What to produce ▸
Produce a word-for-word copy of the data that follows, excluding images.

Data provided ▸
--
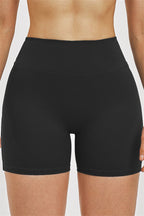 Fitglutes Activewear Zenith T-shirt shorts 2-piece set, gym and workout clothes, featuring a comfortable T-shirt and shorts for active wear.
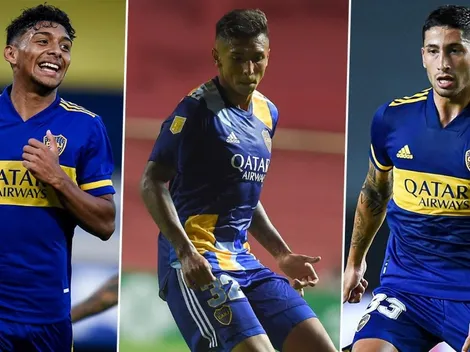 Rendida a sus pies: el video de Conmebol elogiando a Varela, Almendra y Medina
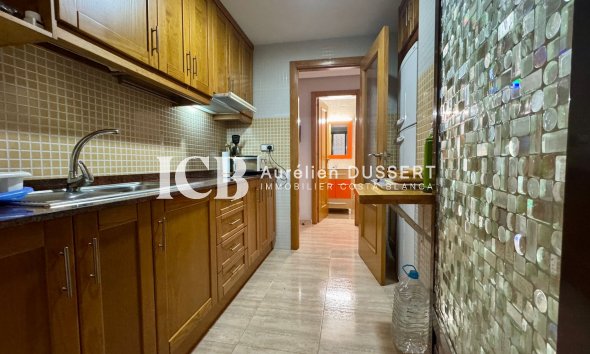 Reventa - Apartamento / piso -
Torrevieja - Torrevieja*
--
Your solution ▸
 Fitglutes Activewear Zenith T-shirt shorts 2-piece set, gym and workout clothes, featuring a comfortable T-shirt and shorts for active wear.
 Rendida a sus pies: el video de Conmebol elogiando a Varela, Almendra y Medina
 Reventa - Apartamento / piso -
Torrevieja - Torrevieja*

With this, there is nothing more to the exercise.